### WORK TASK
This exercise calls for the line with "Peach Flower Clipart", the line with "蓬松的棕榈叶照片背景图片", and all lines between them in the material below, output exactly and with no other lines.

### DATA SUPPLIED
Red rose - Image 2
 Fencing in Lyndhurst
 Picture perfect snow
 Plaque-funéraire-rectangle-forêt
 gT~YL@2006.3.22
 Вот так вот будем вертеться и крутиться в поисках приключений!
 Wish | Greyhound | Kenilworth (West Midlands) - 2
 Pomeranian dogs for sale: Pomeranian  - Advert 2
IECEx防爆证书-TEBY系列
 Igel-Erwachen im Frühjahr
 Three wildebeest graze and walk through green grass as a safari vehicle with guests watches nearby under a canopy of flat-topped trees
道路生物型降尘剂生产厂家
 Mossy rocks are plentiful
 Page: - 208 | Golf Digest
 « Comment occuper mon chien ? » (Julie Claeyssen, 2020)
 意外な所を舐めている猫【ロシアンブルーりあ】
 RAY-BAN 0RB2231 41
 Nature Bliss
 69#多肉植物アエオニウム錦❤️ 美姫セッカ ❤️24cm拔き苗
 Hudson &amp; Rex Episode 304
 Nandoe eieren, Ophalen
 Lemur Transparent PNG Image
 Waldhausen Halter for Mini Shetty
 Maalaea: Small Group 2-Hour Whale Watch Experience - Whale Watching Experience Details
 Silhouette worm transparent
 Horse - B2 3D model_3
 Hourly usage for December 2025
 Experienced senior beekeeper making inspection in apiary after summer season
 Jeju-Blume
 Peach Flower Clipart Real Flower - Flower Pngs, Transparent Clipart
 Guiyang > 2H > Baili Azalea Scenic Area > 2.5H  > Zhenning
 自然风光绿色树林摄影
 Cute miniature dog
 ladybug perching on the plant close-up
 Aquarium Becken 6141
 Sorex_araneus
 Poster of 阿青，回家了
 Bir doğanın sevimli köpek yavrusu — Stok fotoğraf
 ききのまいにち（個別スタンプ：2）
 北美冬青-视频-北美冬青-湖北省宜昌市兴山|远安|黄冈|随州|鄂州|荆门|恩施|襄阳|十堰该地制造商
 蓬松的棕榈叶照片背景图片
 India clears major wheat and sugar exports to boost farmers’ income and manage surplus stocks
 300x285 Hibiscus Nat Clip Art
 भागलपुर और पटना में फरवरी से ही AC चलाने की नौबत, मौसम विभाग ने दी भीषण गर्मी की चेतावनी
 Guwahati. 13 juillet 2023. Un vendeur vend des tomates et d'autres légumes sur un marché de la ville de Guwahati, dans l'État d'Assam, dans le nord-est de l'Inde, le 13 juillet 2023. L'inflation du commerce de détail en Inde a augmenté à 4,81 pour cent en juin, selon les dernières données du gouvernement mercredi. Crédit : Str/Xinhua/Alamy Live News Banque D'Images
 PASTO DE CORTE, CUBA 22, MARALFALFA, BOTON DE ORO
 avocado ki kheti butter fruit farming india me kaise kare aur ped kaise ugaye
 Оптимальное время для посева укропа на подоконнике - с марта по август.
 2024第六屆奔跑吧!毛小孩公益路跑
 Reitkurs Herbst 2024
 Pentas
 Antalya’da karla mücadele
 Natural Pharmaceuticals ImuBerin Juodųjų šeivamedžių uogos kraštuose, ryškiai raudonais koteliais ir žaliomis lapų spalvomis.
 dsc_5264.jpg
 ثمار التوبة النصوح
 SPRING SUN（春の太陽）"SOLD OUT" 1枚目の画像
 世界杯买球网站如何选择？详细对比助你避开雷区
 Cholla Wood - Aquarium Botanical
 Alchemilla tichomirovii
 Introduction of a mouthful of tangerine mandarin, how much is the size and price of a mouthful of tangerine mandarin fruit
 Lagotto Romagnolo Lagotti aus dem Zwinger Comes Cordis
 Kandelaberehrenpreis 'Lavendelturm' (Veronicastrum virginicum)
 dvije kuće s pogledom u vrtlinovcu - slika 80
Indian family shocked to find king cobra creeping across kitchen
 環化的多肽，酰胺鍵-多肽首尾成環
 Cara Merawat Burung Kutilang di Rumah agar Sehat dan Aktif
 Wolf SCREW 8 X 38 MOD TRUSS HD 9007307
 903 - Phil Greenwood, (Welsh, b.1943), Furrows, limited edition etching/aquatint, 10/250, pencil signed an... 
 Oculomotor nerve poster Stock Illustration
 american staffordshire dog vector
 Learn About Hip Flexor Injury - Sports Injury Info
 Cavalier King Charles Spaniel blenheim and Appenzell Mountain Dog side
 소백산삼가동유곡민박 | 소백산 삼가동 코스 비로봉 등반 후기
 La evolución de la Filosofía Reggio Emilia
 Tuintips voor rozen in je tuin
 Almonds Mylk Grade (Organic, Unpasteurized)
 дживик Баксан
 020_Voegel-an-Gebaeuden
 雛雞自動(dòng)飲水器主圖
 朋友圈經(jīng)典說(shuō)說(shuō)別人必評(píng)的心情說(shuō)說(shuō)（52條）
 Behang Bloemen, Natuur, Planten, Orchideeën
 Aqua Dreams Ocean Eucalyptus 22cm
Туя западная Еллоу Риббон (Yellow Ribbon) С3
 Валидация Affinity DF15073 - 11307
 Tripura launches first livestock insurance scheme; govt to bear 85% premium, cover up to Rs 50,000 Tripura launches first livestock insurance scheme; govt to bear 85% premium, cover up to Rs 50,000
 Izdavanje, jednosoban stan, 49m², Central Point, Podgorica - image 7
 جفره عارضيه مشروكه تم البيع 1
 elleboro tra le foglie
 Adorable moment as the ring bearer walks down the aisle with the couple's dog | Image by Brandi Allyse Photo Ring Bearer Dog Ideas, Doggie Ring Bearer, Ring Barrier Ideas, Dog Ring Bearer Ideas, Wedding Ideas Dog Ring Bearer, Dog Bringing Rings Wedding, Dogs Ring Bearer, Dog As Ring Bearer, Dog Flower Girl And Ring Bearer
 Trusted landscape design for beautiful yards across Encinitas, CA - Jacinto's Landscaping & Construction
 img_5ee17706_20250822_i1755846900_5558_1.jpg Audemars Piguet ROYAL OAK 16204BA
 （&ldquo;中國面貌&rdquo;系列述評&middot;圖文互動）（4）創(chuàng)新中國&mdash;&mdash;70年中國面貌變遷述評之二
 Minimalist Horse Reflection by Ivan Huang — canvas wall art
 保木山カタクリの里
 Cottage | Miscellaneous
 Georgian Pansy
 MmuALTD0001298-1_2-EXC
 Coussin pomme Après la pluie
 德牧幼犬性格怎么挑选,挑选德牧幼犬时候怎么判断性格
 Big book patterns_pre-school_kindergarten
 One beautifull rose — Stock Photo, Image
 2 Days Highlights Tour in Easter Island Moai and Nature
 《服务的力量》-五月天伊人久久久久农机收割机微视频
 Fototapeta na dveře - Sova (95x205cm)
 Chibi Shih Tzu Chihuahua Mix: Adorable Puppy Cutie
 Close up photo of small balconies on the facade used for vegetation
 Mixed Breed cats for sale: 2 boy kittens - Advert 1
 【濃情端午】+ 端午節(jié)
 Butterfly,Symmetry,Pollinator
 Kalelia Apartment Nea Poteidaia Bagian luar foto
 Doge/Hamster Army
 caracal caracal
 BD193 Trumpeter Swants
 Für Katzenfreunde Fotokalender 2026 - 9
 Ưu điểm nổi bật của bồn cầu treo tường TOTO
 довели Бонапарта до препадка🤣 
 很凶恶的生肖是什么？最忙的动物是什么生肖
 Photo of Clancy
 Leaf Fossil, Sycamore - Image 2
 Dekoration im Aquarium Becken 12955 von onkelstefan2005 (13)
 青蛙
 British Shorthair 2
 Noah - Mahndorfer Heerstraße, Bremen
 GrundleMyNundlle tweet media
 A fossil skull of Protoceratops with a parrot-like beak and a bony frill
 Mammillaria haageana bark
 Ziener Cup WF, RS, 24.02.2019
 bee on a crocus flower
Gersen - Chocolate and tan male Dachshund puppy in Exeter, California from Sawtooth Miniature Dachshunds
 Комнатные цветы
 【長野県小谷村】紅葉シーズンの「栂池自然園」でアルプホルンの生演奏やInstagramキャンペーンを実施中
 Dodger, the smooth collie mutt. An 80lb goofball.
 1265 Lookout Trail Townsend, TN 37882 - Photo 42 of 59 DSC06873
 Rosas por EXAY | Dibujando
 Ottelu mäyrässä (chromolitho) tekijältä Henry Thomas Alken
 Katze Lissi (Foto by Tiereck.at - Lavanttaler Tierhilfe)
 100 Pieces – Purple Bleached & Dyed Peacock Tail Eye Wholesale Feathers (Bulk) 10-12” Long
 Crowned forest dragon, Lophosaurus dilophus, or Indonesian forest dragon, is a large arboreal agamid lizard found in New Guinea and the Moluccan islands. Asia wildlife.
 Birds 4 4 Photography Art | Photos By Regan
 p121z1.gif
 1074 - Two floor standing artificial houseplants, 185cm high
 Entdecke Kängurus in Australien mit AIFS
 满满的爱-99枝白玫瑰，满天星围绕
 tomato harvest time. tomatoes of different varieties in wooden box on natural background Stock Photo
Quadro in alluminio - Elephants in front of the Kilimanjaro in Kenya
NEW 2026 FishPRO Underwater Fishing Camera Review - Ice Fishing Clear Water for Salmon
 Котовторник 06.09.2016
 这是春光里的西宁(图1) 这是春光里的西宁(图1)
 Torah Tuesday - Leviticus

### REPLY TO THE EXERCISE
 Peach Flower Clipart Real Flower - Flower Pngs, Transparent Clipart
 Guiyang > 2H > Baili Azalea Scenic Area > 2.5H  > Zhenning
 自然风光绿色树林摄影
 Cute miniature dog
 ladybug perching on the plant close-up
 Aquarium Becken 6141
 Sorex_araneus
 Poster of 阿青，回家了
 Bir doğanın sevimli köpek yavrusu — Stok fotoğraf
 ききのまいにち（個別スタンプ：2）
 北美冬青-视频-北美冬青-湖北省宜昌市兴山|远安|黄冈|随州|鄂州|荆门|恩施|襄阳|十堰该地制造商
 蓬松的棕榈叶照片背景图片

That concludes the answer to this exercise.